I was going through many state-of-the-art papers in Meta-learning and few-shot learning, and I found that almost all use "accuracy" as evaluation criterion. Unlike other domains like object detection, NLP and other machine learning domain which use precision, recall, MAP, ROC etc. apart from accuracy. Why meta-learning uses only accuracy and no other parameter?
$\begingroup$ Why is accuracy not the best measure for assessing classification models? The same problems also apply to precision, recall etc. AUC is slightly better: stats.stackexchange.com/q/339919/1352 $\endgroup$– Stephan KolassaNov 2, 2021 at 5:48
One reason is coming from the dataset structure: Consider the few-shot learning, suppose we are trying to identify a person from one photo in testing/production stage, and in training stage, we only have few photos for each person.
The natural question can be, if the model says the photo is person A, how accurate it can be (such metric can be extended into top N accuracy instead of top 1 accuracy).

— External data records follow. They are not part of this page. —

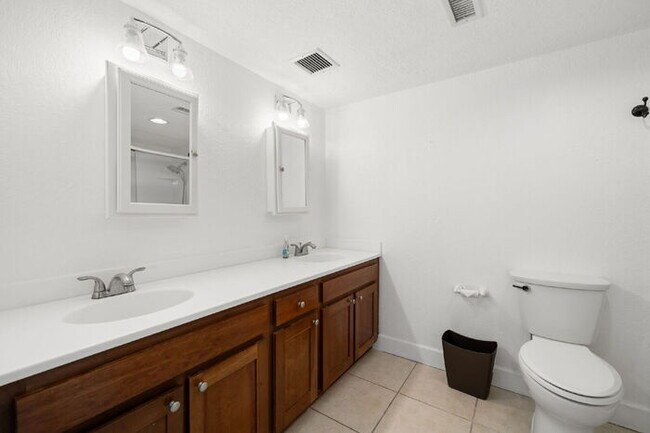 Building Photo - Charming 2-Bedroom, 1-Bathroom Fully Furnished Condo in the Heart of Downtown St. Petersburg!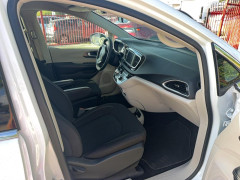 Chrysler MINIVAN 2022 — Copart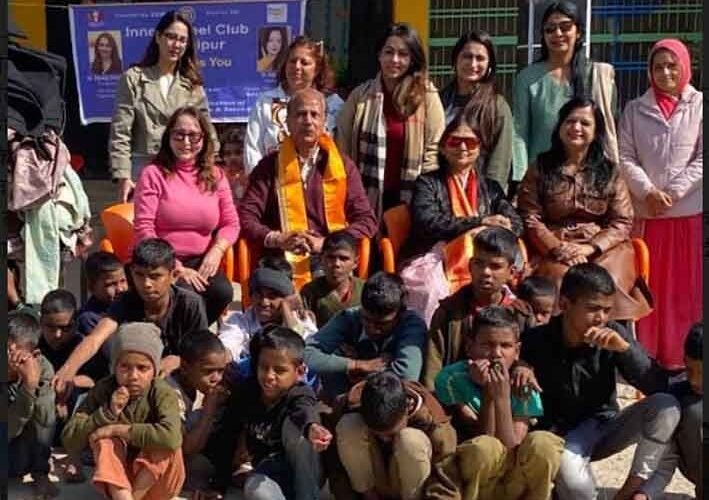 इनरव्हील क्लब के 100 वें स्थापना दिवस पर 5 प्रकार के 100-100 आइटम वितरीत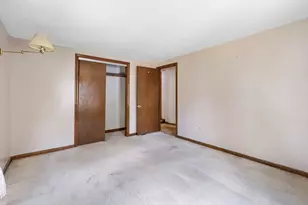 25 Prince Ave, West Springfield, MA 01089 - Photo 25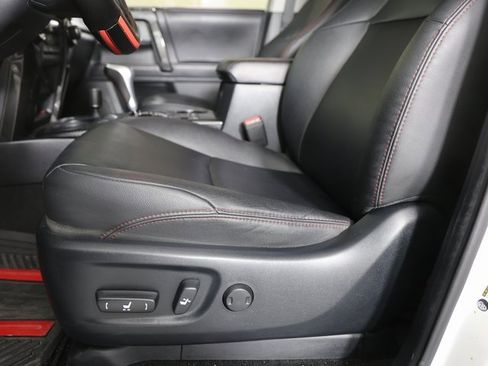 Used 2021 Toyota 4Runner TRD Off-Road Premium image 8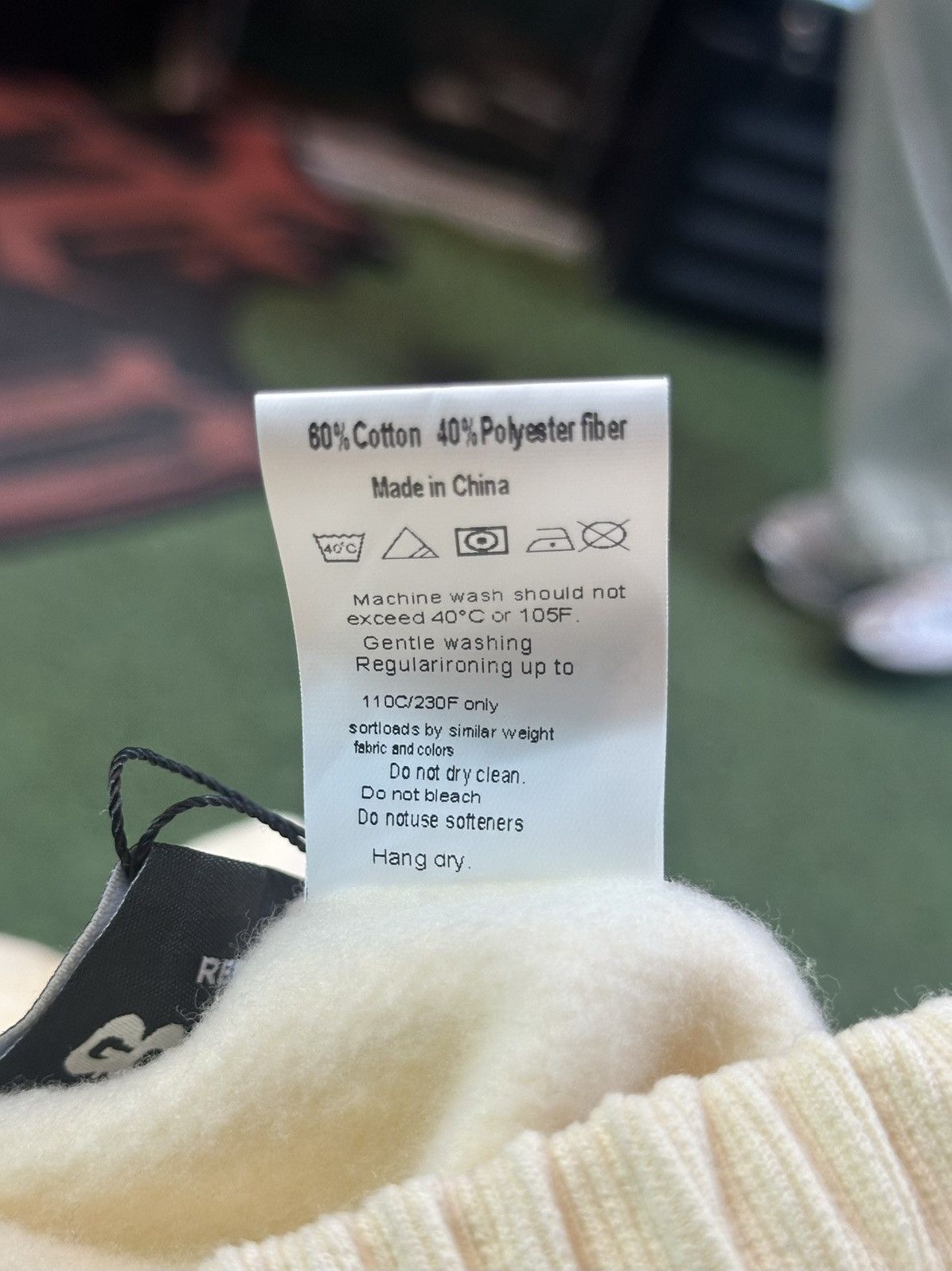 Other We are righteous “ cream risen king” x-small Size US 28 / EU 44 - 3 Thumbnail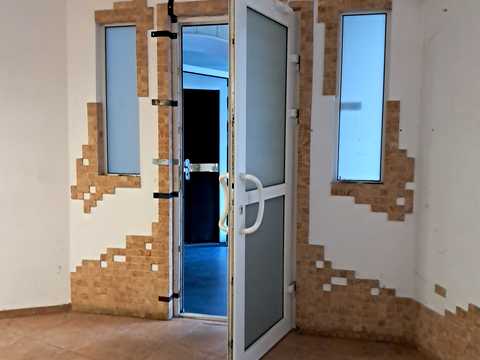 коммерческая по адресу Крещатик ул. (Kreschatic), 46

Note that, the concept of the "precision" and "recall" cannot be easily applied there.
Because in testing stage, we only have one photo.
For precision, we are checking the "false positive rate", we need to have more test instances tested for a given person and check the how much false positives are there.
For recall, it means how many "true positive" we can find in a large dataset (assume we have a lot of positives). For few-shot learning use case, this is also not applicable: where we only have very few true positives (very few instances for each class).